What to do: Look below for the line that has "I've purchased my"; output exactly from it through the line that has "This image was", and leave the pictures out.

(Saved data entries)
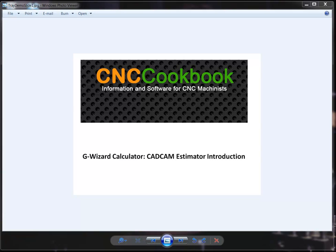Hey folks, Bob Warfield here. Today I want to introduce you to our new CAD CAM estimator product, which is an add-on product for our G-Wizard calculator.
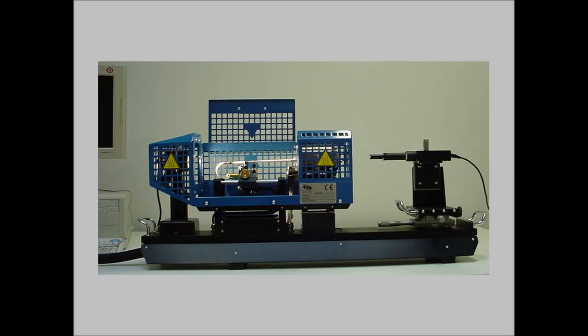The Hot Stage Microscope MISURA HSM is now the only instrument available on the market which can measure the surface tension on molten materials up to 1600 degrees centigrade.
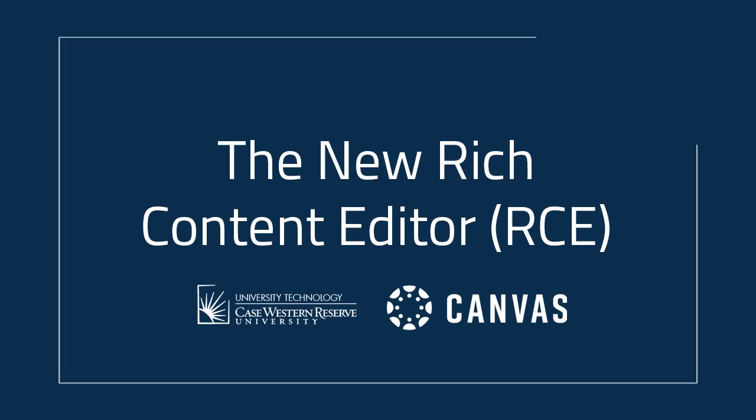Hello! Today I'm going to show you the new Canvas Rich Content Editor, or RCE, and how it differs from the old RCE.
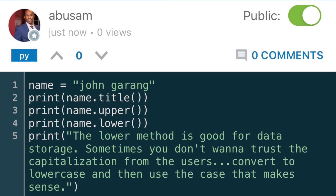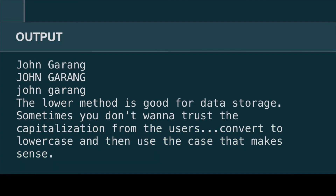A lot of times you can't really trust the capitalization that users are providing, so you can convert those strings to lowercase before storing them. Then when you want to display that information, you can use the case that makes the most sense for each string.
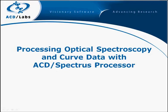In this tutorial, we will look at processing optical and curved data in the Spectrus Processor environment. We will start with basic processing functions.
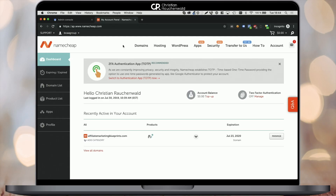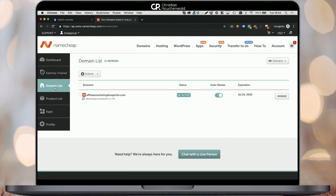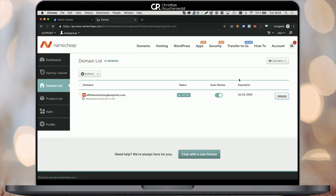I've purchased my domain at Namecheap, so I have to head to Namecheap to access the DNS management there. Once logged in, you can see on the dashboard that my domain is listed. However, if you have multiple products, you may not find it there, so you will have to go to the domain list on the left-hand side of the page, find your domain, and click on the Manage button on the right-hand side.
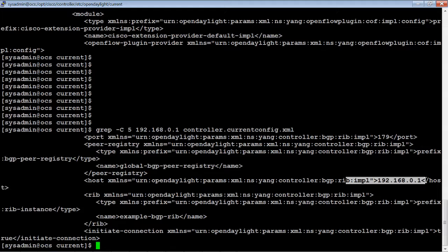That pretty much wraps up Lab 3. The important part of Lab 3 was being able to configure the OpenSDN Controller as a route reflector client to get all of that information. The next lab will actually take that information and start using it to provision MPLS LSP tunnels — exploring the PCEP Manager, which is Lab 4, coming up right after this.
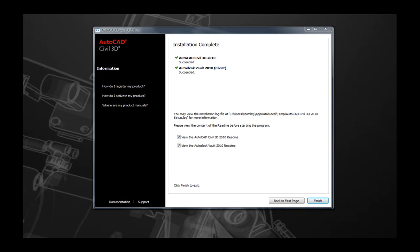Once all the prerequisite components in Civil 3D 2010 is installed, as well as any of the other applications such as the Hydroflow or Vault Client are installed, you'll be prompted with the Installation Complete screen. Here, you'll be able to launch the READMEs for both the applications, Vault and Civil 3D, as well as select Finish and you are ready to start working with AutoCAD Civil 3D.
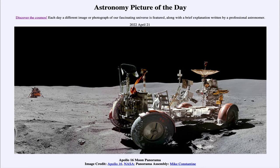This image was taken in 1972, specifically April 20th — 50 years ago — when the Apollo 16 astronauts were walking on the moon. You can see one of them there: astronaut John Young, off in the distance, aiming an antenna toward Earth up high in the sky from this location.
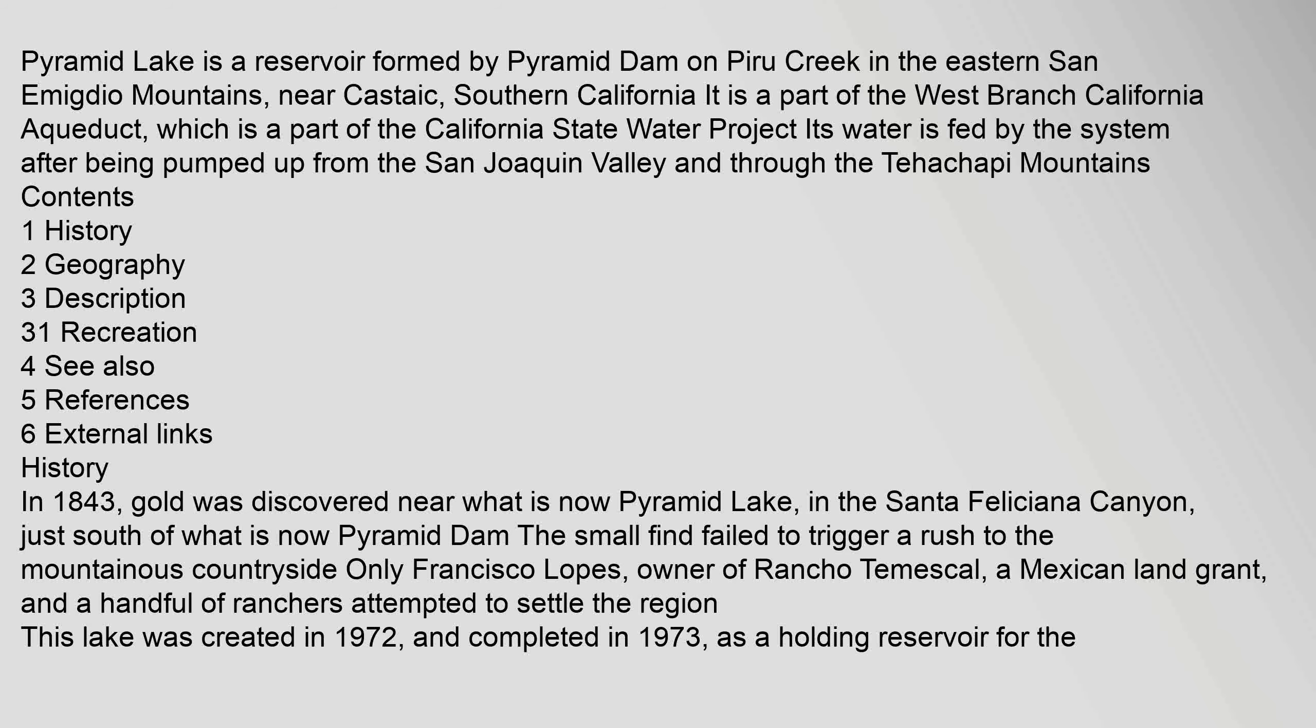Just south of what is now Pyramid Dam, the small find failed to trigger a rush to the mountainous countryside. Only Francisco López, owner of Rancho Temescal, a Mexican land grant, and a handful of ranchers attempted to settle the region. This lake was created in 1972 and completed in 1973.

Result of the exercise:
I've purchased my domain at Namecheap, so I have to head to Namecheap to access the DNS management there. Once logged in, you can see on the dashboard that my domain is listed. However, if you have multiple products, you may not find it there, so you will have to go to the domain list on the left-hand side of the page, find your domain, and click on the Manage button on the right-hand side.
That pretty much wraps up Lab 3. The important part of Lab 3 was being able to configure the OpenSDN Controller as a route reflector client to get all of that information. The next lab will actually take that information and start using it to provision MPLS LSP tunnels — exploring the PCEP Manager, which is Lab 4, coming up right after this.
Once all the prerequisite components in Civil 3D 2010 is installed, as well as any of the other applications such as the Hydroflow or Vault Client are installed, you'll be prompted with the Installation Complete screen. Here, you'll be able to launch the READMEs for both the applications, Vault and Civil 3D, as well as select Finish and you are ready to start working with AutoCAD Civil 3D.
This image was taken in 1972, specifically April 20th — 50 years ago — when the Apollo 16 astronauts were walking on the moon. You can see one of them there: astronaut John Young, off in the distance, aiming an antenna toward Earth up high in the sky from this location.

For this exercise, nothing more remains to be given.